Handsome men surf better. They are wholly confident. Kelly Slater himself documented his own plight with self-confidence/vanity (they’re totally linked in case you hadn’t realised) in his seminal 2004 autobiography Pipedreams. He explained that as a young man he suffered from considerable acne. As the post-Tom Curren Great American Hope the spotlight was fierce and oft shoved right in young Slater’s pustule ridden face.
His dermatological insecurity was highlighted when, while waiting in the Surfer magazine headquarters in California, Kelly read some graffiti scribbled on the wall.
“Kelly Slater has pimples!”
Envy manifests itself like most other forces: by taking the path of least resistance. For proof see the Stab message boards. If somebody’s obviously aesthetically flawed, despite their athletic ability, then it’s easy to highlight. Dane’s fat, Filipe’s ugly, Jordy’s nipples are too close together. It makes arm-chair critics feel better about themselves but it makes the pro’s weep.

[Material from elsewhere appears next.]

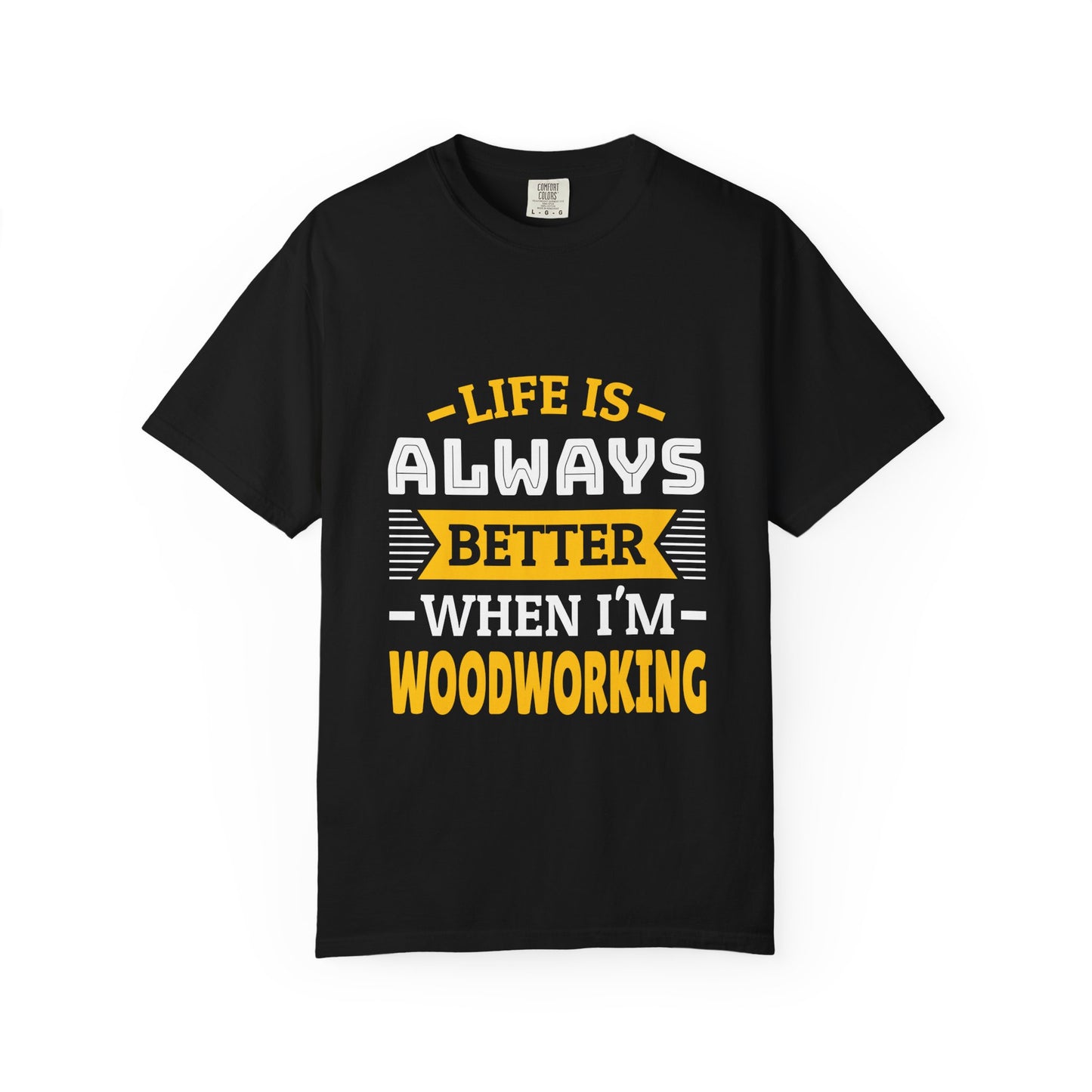 Woodworking T-Shirt — "Life Is Always Better When I’m Woodworking" Tee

Imagine how Asher must have felt, that first day the swells, winds and tides of Snapper Rocks aligned in symphony with the shedding of his train tracks. Like the Berliners the first sunny day after the fall of the wall! Asher’s Instagram (@asher_pacey) depicts the perfect Australian waterman, circa right now. He fishes, surfs (a lot) and has that knack of avoiding overwhelming cheese in staged lifestyle shots. He just looks right. Marketing 101. Asher’s also a damn fine protagonist of riding an alaia, which is akin to pleasuring two women simultaneously: It takes a man with perfect balance, and almost meditative concentration to get the job done.
The web clips produced by Asher and Auteur Matt Kleiner are mesmerising. It might not be the fastest, biggest, most radical or cutting edge surfing, but the waves are East coast blue, the music melancholic, the lifestyle shots reflective of place and time, and Asher’s surfing is truly handsome.
I feel handsome sometimes but not always. I felt handsome the other night. White chinos, cream cashmere sweater, brogues, a new haircut, and a fresh tan. Stepping out into the cool southerly I found my step filled with a rarely realised confidence. The confidence of aesthetic beauty.
My arrival at that night’s function was met with an assortment of pseudo-compliments blended with undertones of jealous mockery. I simply smiled until my greatest friend at the gathering pulled me aside.
“You know you look good, hey.”
Our eyes met, and a burst of shared laughter blew away in the breeze. I knew.